Using an NFT as Collateral for a Loan?


NFTs (non-fungible tokens) are one of the most fascinating aspects of the blockchain industry. In the last 2-3 years, people have been recognising their value, with some even selling for around $70 million. The NFT market is now its own distinct thing, with more than $2 billion being traded. Considering the value that these tokens are worth, some have been left asking whether they can be used as collateral for a loan? And the answer to this is a resounding yes, although there are some factors to keep in mind.


Finding a Suitable Lender


Just like when using physical artifacts such as paintings for collateral, you will need to find somebody that will accept your NFT in exchange for money. There are two options for doing this. You could either find a DeFi lending service or a CeFi service. However, it is probably best to find a CeFi service, as NFTs are unique and distinct, and it can help to get another human to evaluate them, rather than using an automated service that might not understand its value. Even if an NFT is generated via an automated program, such as how Cryptokitties are made, this does not mean that a separate program will know how to properly assess its value. A fantastic example of this is the Hasmasks NFT project; each NFT is generated via code, but some NFTs have unique features that the program could not have predicted. In these circumstances, a program would have no idea of its value or worth because those unique elements are designed to be appreciated exclusively by the human eye.


Finding a CeFi, human-based, lending service or platform would be the best option for NFTs. Beauty is subjective, and when it comes to art, so is value. These are unlike cryptocurrencies in that their worth cannot be deterministic.


Helio Lending now offers the ability to use NFT as collateral for a loan. Head to to find out more.

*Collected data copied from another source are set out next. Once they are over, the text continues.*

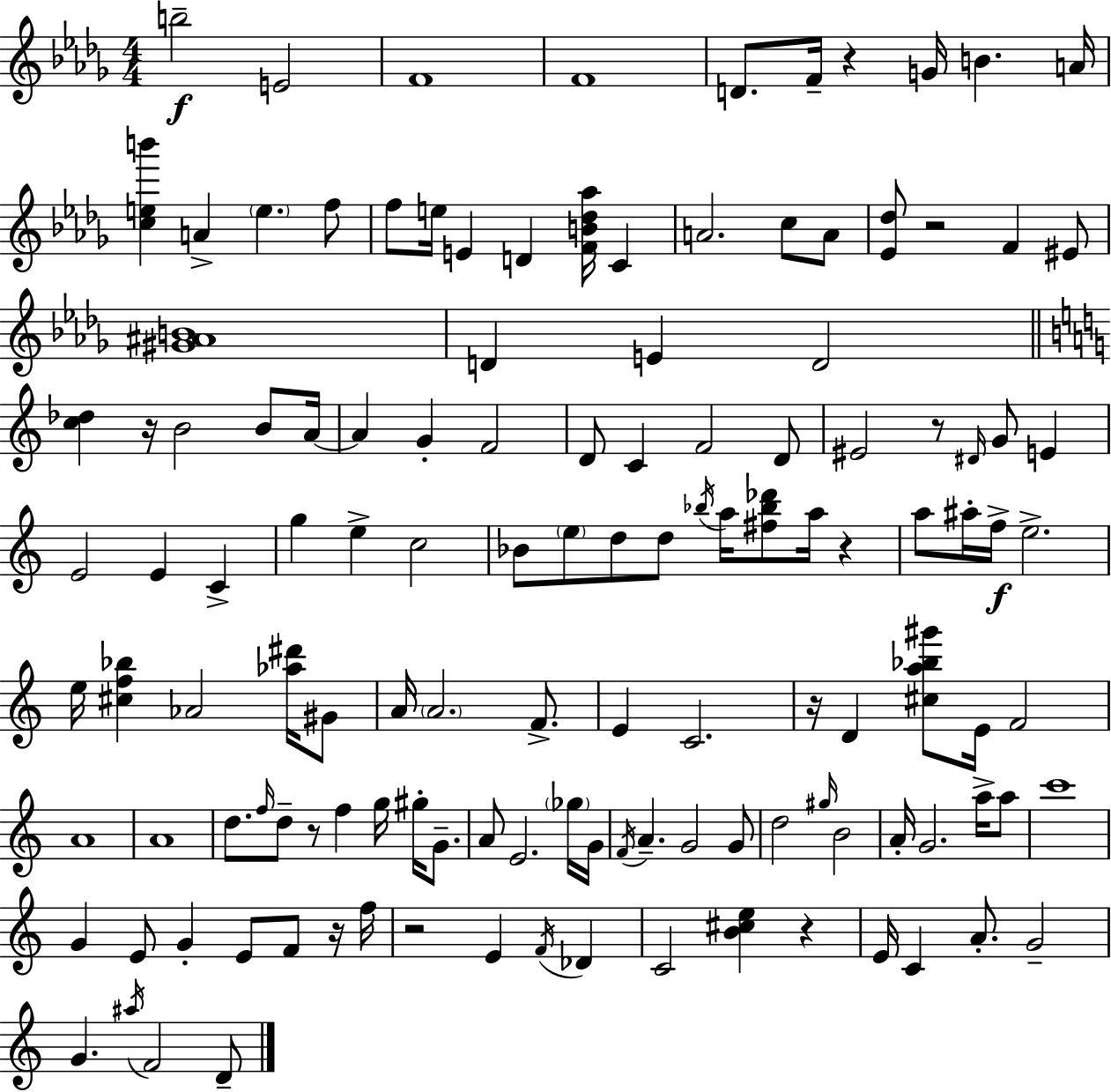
{
  \clef treble
  \numericTimeSignature
  \time 4/4
  \key bes \minor
  b''2--\f e'2 | f'1 | f'1 | d'8. f'16-- r4 g'16 b'4. a'16 | \break <c'' e'' b'''>4 a'4-> \parenthesize e''4. f''8 | f''8 e''16 e'4 d'4 <f' b' des'' aes''>16 c'4 | a'2. c''8 a'8 | <ees' des''>8 r2 f'4 eis'8 | \break <gis' ais' b'>1 | d'4 e'4 d'2 | \bar "||" \break \key c \major <c'' des''>4 r16 b'2 b'8 a'16~~ | a'4 g'4-. f'2 | d'8 c'4 f'2 d'8 | eis'2 r8 \grace { dis'16 } g'8 e'4 | \break e'2 e'4 c'4-> | g''4 e''4-> c''2 | bes'8 \parenthesize e''8 d''8 d''8 \acciaccatura { bes''16 } a''16 <fis'' bes'' des'''>8 a''16 r4 | a''8 ais''16-. f''16->\f e''2.-> | \break e''16 <cis'' f'' bes''>4 aes'2 <aes'' dis'''>16 | gis'8 a'16 \parenthesize a'2. f'8.-> | e'4 c'2. | r16 d'4 <cis'' a'' bes'' gis'''>8 e'16 f'2 | \break a'1 | a'1 | d''8. \grace { f''16 } d''8-- r8 f''4 g''16 gis''16-. | g'8.-- a'8 e'2. | \break \parenthesize ges''16 g'16 \acciaccatura { f'16 } a'4.-- g'2 | g'8 d''2 \grace { gis''16 } b'2 | a'16-. g'2. | a''16-> a''8 c'''1 | \break g'4 e'8 g'4-. e'8 | f'8 r16 f''16 r2 e'4 | \acciaccatura { f'16 } des'4 c'2 <b' cis'' e''>4 | r4 e'16 c'4 a'8.-. g'2-- | \break g'4. \acciaccatura { ais''16 } f'2 | d'8-- \bar "|."
} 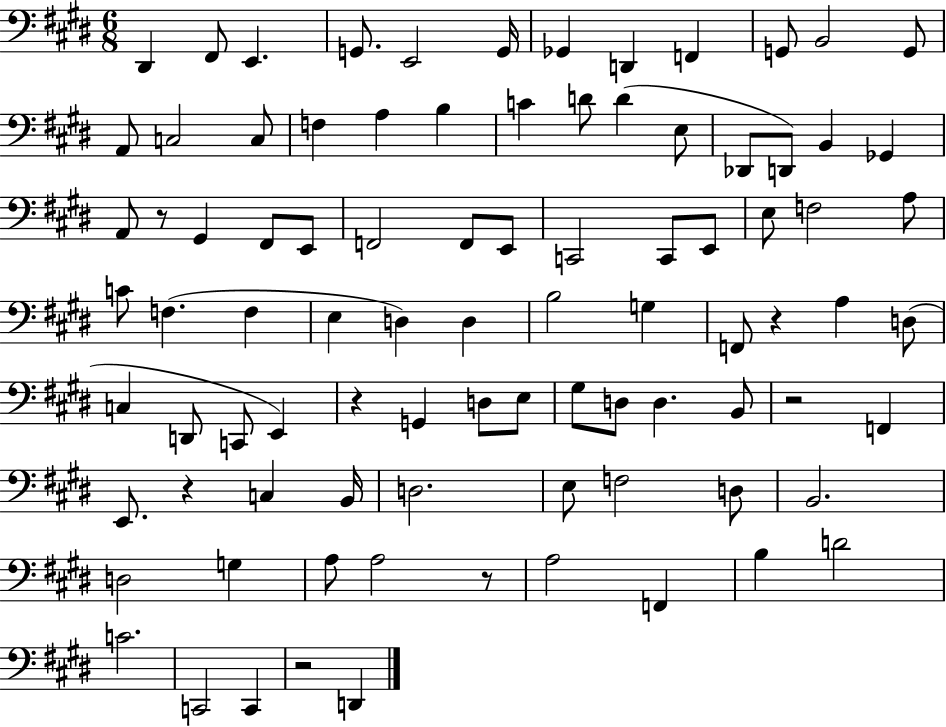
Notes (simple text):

D#2/q F#2/e E2/q. G2/e. E2/h G2/s Gb2/q D2/q F2/q G2/e B2/h G2/e A2/e C3/h C3/e F3/q A3/q B3/q C4/q D4/e D4/q E3/e Db2/e D2/e B2/q Gb2/q A2/e R/e G#2/q F#2/e E2/e F2/h F2/e E2/e C2/h C2/e E2/e E3/e F3/h A3/e C4/e F3/q. F3/q E3/q D3/q D3/q B3/h G3/q F2/e R/q A3/q D3/e C3/q D2/e C2/e E2/q R/q G2/q D3/e E3/e G#3/e D3/e D3/q. B2/e R/h F2/q E2/e. R/q C3/q B2/s D3/h. E3/e F3/h D3/e B2/h. D3/h G3/q A3/e A3/h R/e A3/h F2/q B3/q D4/h C4/h. C2/h C2/q R/h D2/q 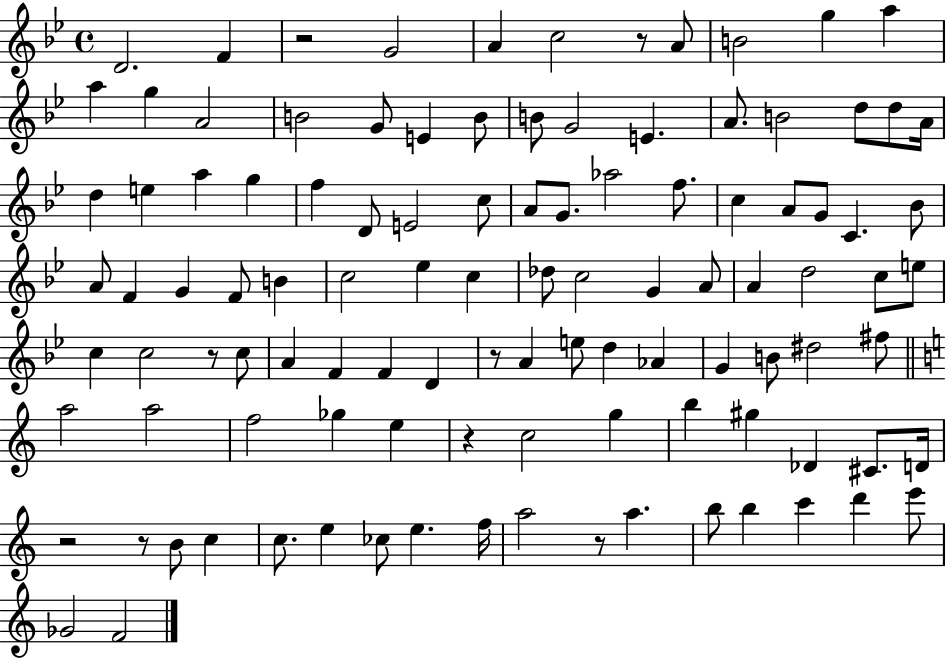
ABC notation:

X:1
T:Untitled
M:4/4
L:1/4
K:Bb
D2 F z2 G2 A c2 z/2 A/2 B2 g a a g A2 B2 G/2 E B/2 B/2 G2 E A/2 B2 d/2 d/2 A/4 d e a g f D/2 E2 c/2 A/2 G/2 _a2 f/2 c A/2 G/2 C _B/2 A/2 F G F/2 B c2 _e c _d/2 c2 G A/2 A d2 c/2 e/2 c c2 z/2 c/2 A F F D z/2 A e/2 d _A G B/2 ^d2 ^f/2 a2 a2 f2 _g e z c2 g b ^g _D ^C/2 D/4 z2 z/2 B/2 c c/2 e _c/2 e f/4 a2 z/2 a b/2 b c' d' e'/2 _G2 F2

Calculating the worth of an NFT


This is complex, as each NFT will have a different price than the next, and different people will be willing to pay different amounts for the same piece. A dialogue would need to be opened between the lender and the borrower, where they both negotiate a reasonable price. This could take some time, and it may take some trial and error when trying to find the right lender who truly understands the value of the piece. For this reason, be sure to contact more than one place or person.


One thing to consider is that NFTs can increase in value. The industry is fresh and rapidly moving, and sometimes an NFT from an early adopter can skyrocket in price as the market expands and matures. Make sure that you discuss with the lender what would happen if the value rises during the loan period, as some lenders may ask you to pay more to get the NFT back. Sketching out the terms for this is especially important if the price of the NFTs you own is calculated by an algorithm, such as how Berry Cards work on the NEAR protocol.

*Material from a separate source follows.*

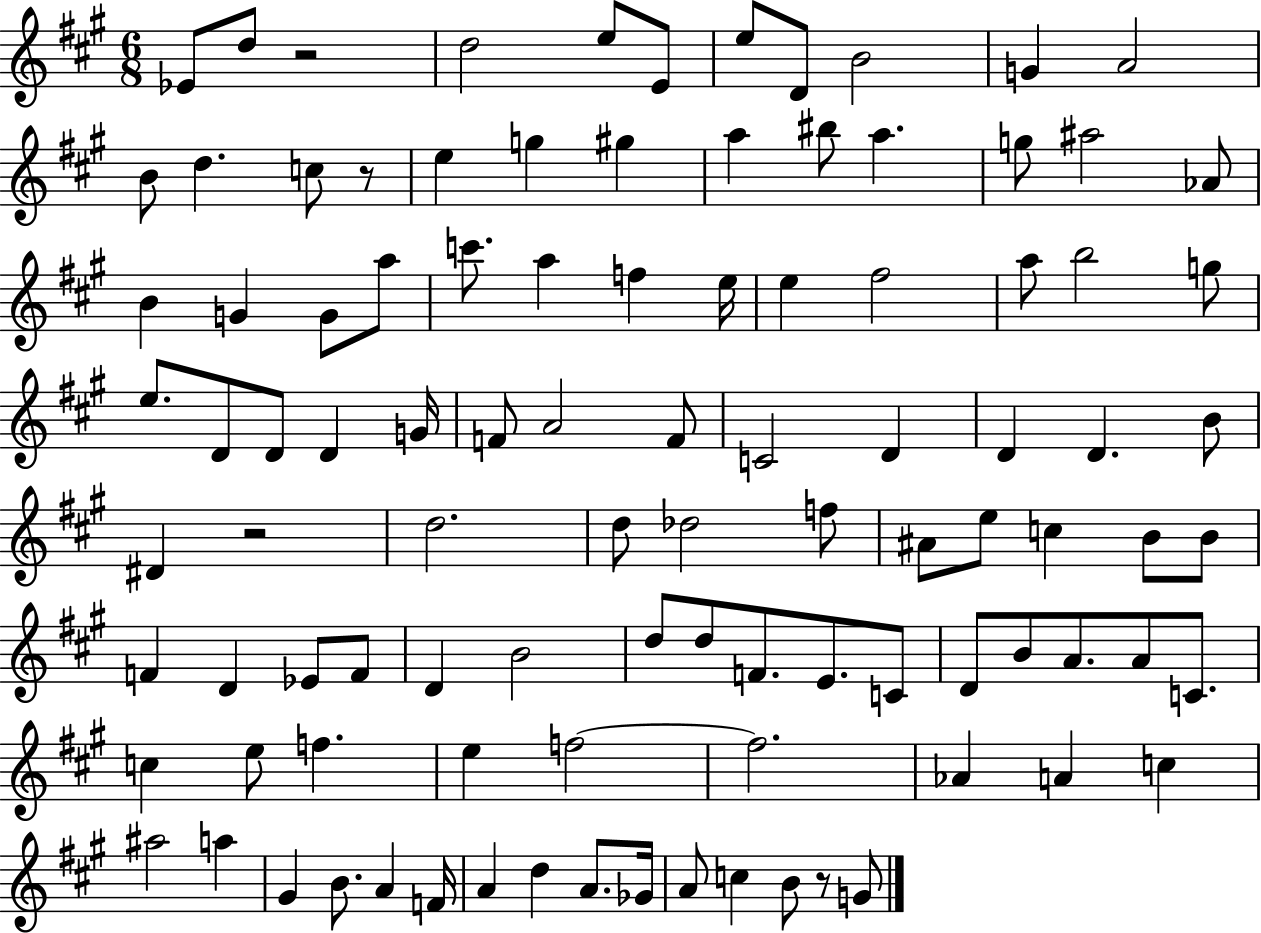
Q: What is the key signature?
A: A major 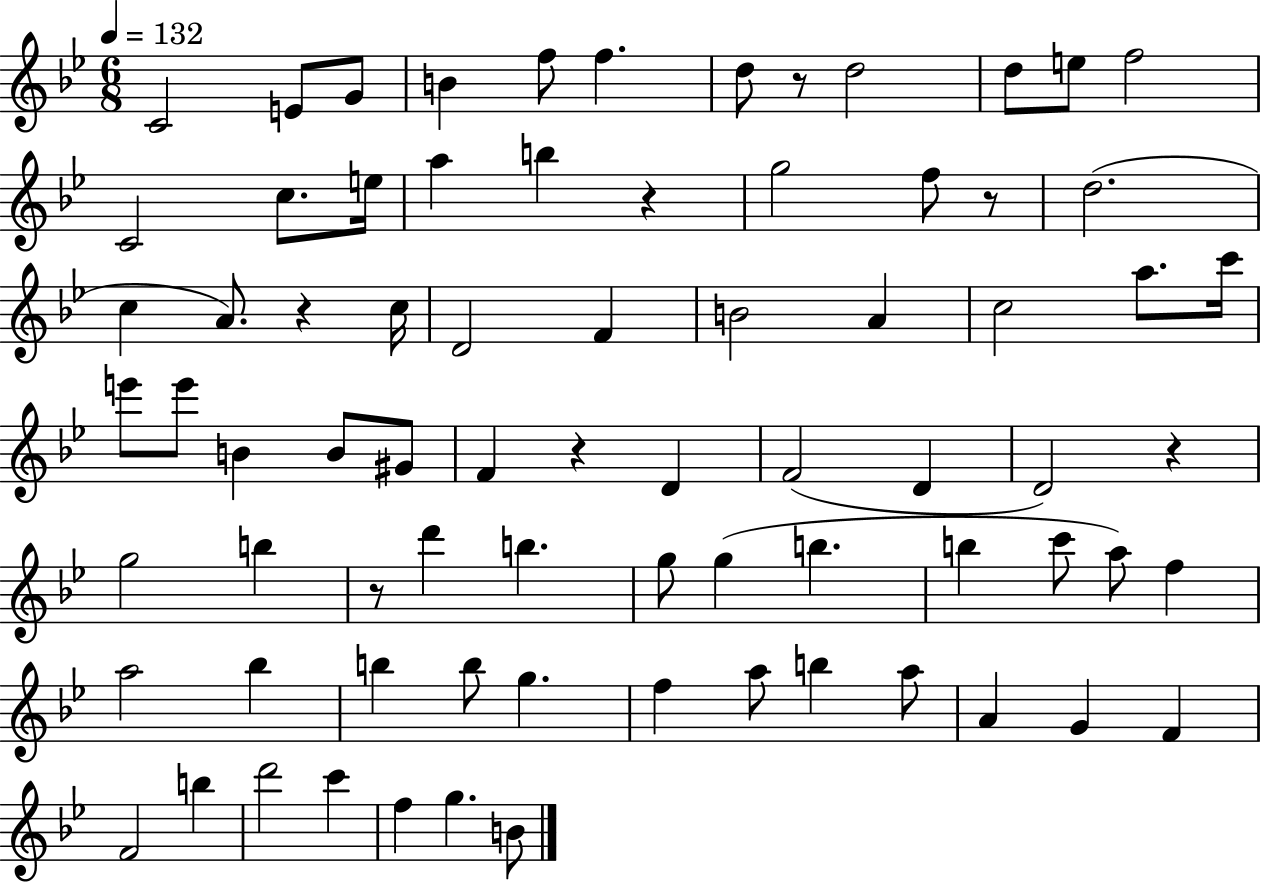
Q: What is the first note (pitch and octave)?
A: C4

No Different than Using Physical Art as Collateral


Physical paintings, sculptures, books, and other mediums of art have been used as collateral for as long as humans have been making art. And using NFTs as collateral is no different. It fits a model closer to how pawn brokers operate, although via more technological means.


As the NFT market grows, and their value continues to develop, expect more lenders to accept them as collateral. If you work with a CeFi crypto lending service already, it may be worth reaching out and asking if they would consider using an NFT to collateralize a loan.